Déçu du jugement de la Cour suprême, Québec envisage entre autres d'assujettir à la loi 101 les écoles anglophones privées non subventionnées. Ce serait un moyen d'éliminer le recours à ces «écoles passerelles» pour contourner la loi et obtenir le droit d'accéder au réseau anglophone financé par l'État.

La ministre responsable de la Charte de la langue française, Christine St-Pierre, a confirmé hier que c'est l'un des scénarios à l'étude. «Nous avons demandé des avis juridiques sur cette hypothèse», a-t-elle affirmé lors d'un point de presse.

Aucune décision n'a toutefois été prise. «Nous allons analyser toutes les possibilités», a indiqué la ministre, se gardant de préciser quels sont les autres scénarios.

Les «écoles passerelles»

Le gouvernement Charest entend utiliser le temps que lui alloue la Cour suprême - jusqu'à un an - pour trouver un autre moyen que la loi 104, déclarée inconstitutionnelle, afin de colmater la brèche dans la Charte de la langue française. Des parents anglophones et allophones contournent la loi 101 en envoyant leur enfant dans une «école passerelle» pendant une courte période de temps pour ensuite réclamer le droit de fréquenter le réseau régulier de langue anglaise.

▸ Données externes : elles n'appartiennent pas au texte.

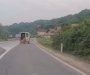 Nevjerovatan prizor: Krava ispala iz vozila, vozač nije ni primijetio (VIDEO)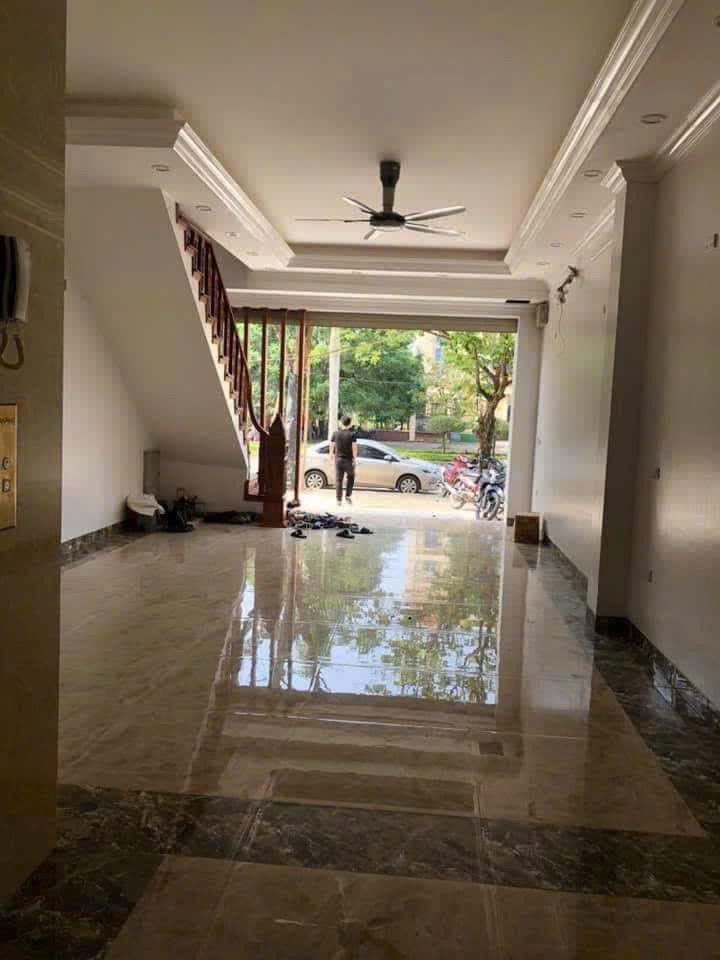 CHÍNH CHỦ ) CHO THUÊ NHÀ 05 TẦNG ĐỂ KINH DOANH - VỊ TRÍ VÀNG TẠI TP. THANH HÓA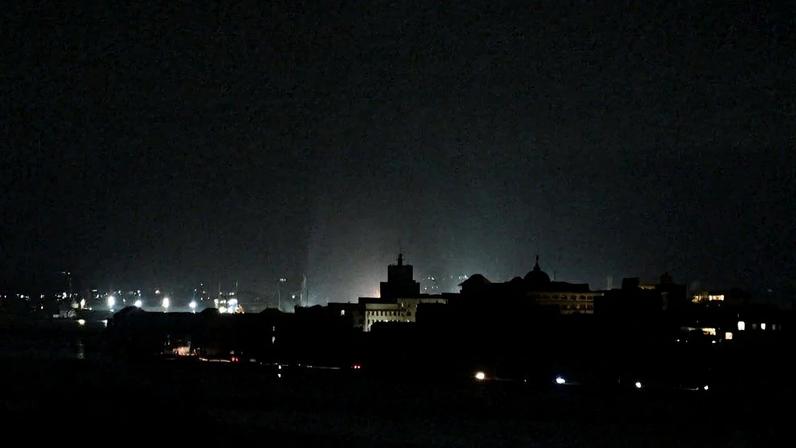 Um dos muitos apagões em Havana, Cuba. Foto de outubro de 2024.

Québec ne peut recourir à la clause dérogatoire pour interdire cette pratique. Comme le prévoit la Charte canadienne des droits et libertés, une province ne peut se soustraire aux obligations de l'article 23 garantissant le «droit à l'instruction dans la langue de la minorité».

«Le gouvernement va prendre le temps qu'il lui faut pour étudier ce jugement, a affirmé le premier ministre Jean Charest. On va travailler avec tous les parlementaires pour arriver à une solution qui est le reflet de nos valeurs québécoises. Ça inclut, au premier rang, la primauté du français.»

M. Charest a souligné que, selon la Cour suprême, «l'objectif législatif» du gouvernement - protéger la langue française dans l'enseignement - est «valide».

Pour quelques dollars

La chef du Parti québécois, Pauline Marois, demande au gouvernement d'ajouter à la Charte québécoise des droits une clause interprétative afin d'assurer la primauté du français, ce que celui-ci a refusé jusqu'ici. Elle propose également que la loi 101 s'applique aux «écoles passerelles».

La décision du plus haut tribunal du pays a ranimé le débat linguistique à l'Assemblée nationale. «La Cour suprême vient d'ouvrir une brèche dans la protection de la langue française, puisqu'elle va permettre, pour n'importe quel francophone ou allophone, pour quelques milliers de dollars, d'échapper à la loi 101 et de s'acheter une éducation en anglais pour ses enfants et toute sa descendance», a lancé Pauline Marois lors de la période des questions.

«La Cour suprême, cour nommée par une autre nation, vient charcuter encore une fois un instrument fondamental pour la nation québécoise», a-t-elle ajouté, un discours repris par le chef bloquiste Gilles Duceppe à Ottawa.

Charest choqué

Cette remarque a fait bondir le premier ministre Jean Charest. Mme Marois «interprète cette affaire-là sous la lorgnette du Parti québécois. Elle affirme une chose qui, franchement, est choquante, à savoir que la Cour suprême est la cour d'une autre nation», a-t-il affirmé au cours d'un débat houleux. M. Charest a rappelé que la Cour d'appel du Québec avait d'abord invalidé les dispositions de la loi 104, adoptée à l'unanimité sous le gouvernement Landry en 2002.

La chef péquiste a accusé le premier ministre de défendre les juges de la Cour suprême plutôt que la langue française. Fixant son adversaire d'un air grave, Jean Charest a dit avoir l'intention de «combattre avec toutes (ses) forces ceux et celles qui cherchent à créer de la chicane» à des fins «partisanes».

Pour Pauline Marois, la décision de la Cour suprême risque de ranimer les tensions linguistiques. «Si le gouvernement ne réagit pas rapidement, il y a toujours des risques de dérapage quand on parle des questions linguistiques. C'est fragile, c'est sensible. Chaque fois qu'on se retrouve devant les tribunaux supérieurs, c'est toujours pour en perdre un morceau, pour un peu reculer. Et ça, ça ne peut pas faire autrement que de heurter les francophones.»